On August 22, the Reuters news agency announced that the Trump administration is going to reduce diplomatic staff in Havana to a maximum of 18 persons, “due to a mysterious illness”. The Reuters dispatch observed that:

Outreach to civil society and human rights activists has also been reduced at a time when Cuba is transitioning to a new generation of political leaders, internet access is spreading and a revamped constitution is headed for a referendum vote.

The reduction in diplomatic staff has come while China, Russia, Venezuela and the European Union are all trying to advance their interest in the island. At the same time, the Cuban political-administrative apparatus is undergoing deep changes. Each one of these changes is of relevance to China experts interested in comparing reforming Marxist-Leninist systems.

The governance reforms outlined by the Conceptualización del modelo económico y social cubano de desarrollo socialista and the Lineamientos de la Política Económica y Social del Partido y la Revolución para el periodo 2016-2021 have begun to see the light:

  • on July 22, the National Assembly of People’s Power (Asamblea Nacional del Poder Popular) concluded a two-days debate on the project of constitutional reform;

  • on July 30, the draft Constitution of the state was published by the website Cubadebate;

  • a total of 135,000 popular consultation meetings on the Constitution started on August 13, and will continue until November 15;

  • a constitutional referendum will take place on February 24, 2019

Those interested in learning more about the 2018/29 constitutional revision in Cuba will find various reference materials on the website of the Coalition for Peace and Ethics – a big thank you goes to their folks.
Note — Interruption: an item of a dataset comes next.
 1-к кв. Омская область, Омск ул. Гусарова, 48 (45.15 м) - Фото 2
In light of the changes in the policy of the United States towards Cuba [1], the decision to downsize the U.S. diplomatic mission in Havana does not come as a surprise. The style of negotiation and foreign policy approach of the present U.S. administration are creating uncertainties among domestic and international observers. The decision to reduce the diplomatic staff in Havana however will produce effects coherent with the choice to channel investments away from entities on the Cuba Restricted List.
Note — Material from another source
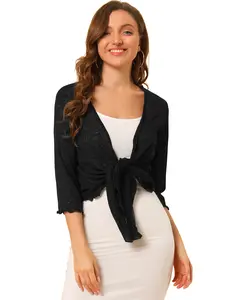 INSPIRE CHIC Open Front Knit Cardigan Tied 3/4 Sleeve Bolero Shrug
In the meantime, the popular debate on the Cuban constitution continues. The Coalition for Peace and Ethics has made available some aggregated data on unofficial comments to the project of constitutional revision. The data is useful to get a sense of what the most important themes in the new constitution are, to a sector of the Cuban public opinion.

The public debate on the constitutional revision seems to be involving a tiny fraction of the public. The difficulties in accessing Facebook and other social media services may have played a role in limiting the availability of online comments to the project of constitutional reform. On the other hand, the public debate has just begun, and it is likely that unofficial comments will intensify as we get closer to the February 24 referendum.

This far, the theme to attract most comments and discussion has been the new definition of marriage as the consensual union of two persons, regardless of their gender. This definition allows the possibility of same-sex marriage, and has provoked a relative majority of comments (37,20%), at least compared to general discussions of the constitutional revision (26.44%).

What it is striking is:

  • the percentage of comments not directly relevant to the constitutonal revision (28.45%)

  • the limited attention paid to the theme of labor compensation (7.16%)

  • the very low number of actual comments on certain specific articles of the new constitution, as opposed to comments on themes such as marriage, labor compensation, and others.

While it is still early to detect a stable trend in unofficial discussions on the constitutional revision, these initial comments provide a useful window on the interests and concerns of those who are using alternative fora to express their views on the constitutional revision project.

[1] In July 2017 the memorandum “Strengthening the Policy of the United States Toward Cuba” outlined the Trump’s administration policy towards Cuba as including an: “end to economic practices that disproportionately benefit the Cuban government or its military, intelligence, or security agencies or personnel at the expense of the Cuban people.” In November 2017, changes to authorizations for travel to Cuba were introduced. A list of restricted entities associated with Cuba, with which direct financial transactions would be prohibited was published, financial transactions were restricted, and the licensing policy was amended. A task force composed of government and non-government representatives was created, to examine the challenges and opportunities for expanding internet access in Cuba.